A few months ago I was walking through a mall here with a straight male American friend. He checked out every woman walking by that he felt like; I kept looking straight forward. When we got home, he asked me why I wasn't checking out the guys like he had the women.

I don't know what I said in response, but for a good while I thought that it must have had something to do with a fear of violence. Growing up in ex-urban Indiana, homophobia is present enough to make me know my place in public.

When I was 14 I ran cross-country on the school's team (don't worry, yours truly made up for that athleticism by being horrid at it). It wasn't like that, we were all too nerdy to shower after practice, but one rainy and muddy day when we were supposed to hit the weight room afterwards, Coach made us all....

And I stared. Lengthily. Obviously. Horribly. What else could I have done? I was 14, and cross-country running does a body good.

I learned my lesson well after that from the others there.

Which reminds me of another time, on a train a few years ago with my brother when we were going out to his place in Germany from Paris. A (probably French) man was staring at him on the train. I doubt the guy was checking out my brother at all; it was a far more vacant stare. And my brother got angry - he wanted to go over and talk some sense into that guy.

I just thought he was strange.

But all this talk about staring has gotten me to thinking about how violating someone's personal space like that is an attack. Tim Hardaway's comments from last year about how he didn't want to be on the same team as someone because he'd be "worried" about what would happen in the locker room comes to mind.

What was he worried about? Did he actually think that a gay man would physically attack another man in a locker room with some thirty other people around, mostly in great shape, sometimes with cameras? Are we that strong in their imaginations?

I would say that the gaze is in fact that strong, and that's why men learn at a young age not to stare at each other in public. As Vincent puts it:

But that wasn't quite all there was to it. There was something more than plain respect being communicated in their averted gaze, something subtler, less direct.

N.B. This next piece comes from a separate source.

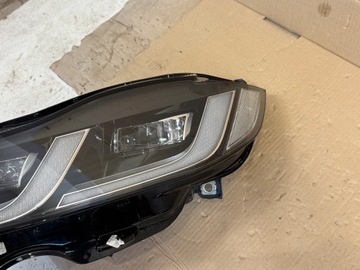 JAGUAR XF F-PACE FACELIFT SVĚTLO FULL LED MID LEVÝ PĚKNÝ ORIG.
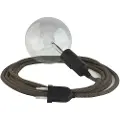 Creative Cables Rd73 Zigzag 3 M Pendellampe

It was more like a disinclination to show disrespect. For them, to look away was to decline a challenge, to adhere to a code of behavior that kept the peace among human males in certain spheres just as surely as it kept the peace and the pecking order among male animals. To look another male in the eye and hold his gaze is to invite conflict, either that or a homosexual encounter. To look away is to accept the status quo, to leave each man to his tiny sphere of influence, the small buffer of pride and poise that surrounds and keeps him.
I surmised all of this the night it happened, but in the weeks and months that followed I asked most of the men I knew whether I was right, and they agreed, adding usually that it wasn't something they thought about anymore, if they ever had. It was just something you learned or absorbed as a boy, and by the time you were a man, you did it without thinking.

I don't remember ever actively learning something like that, but I think it goes a long way to answering my friend's question. And maybe he should learn to stop staring.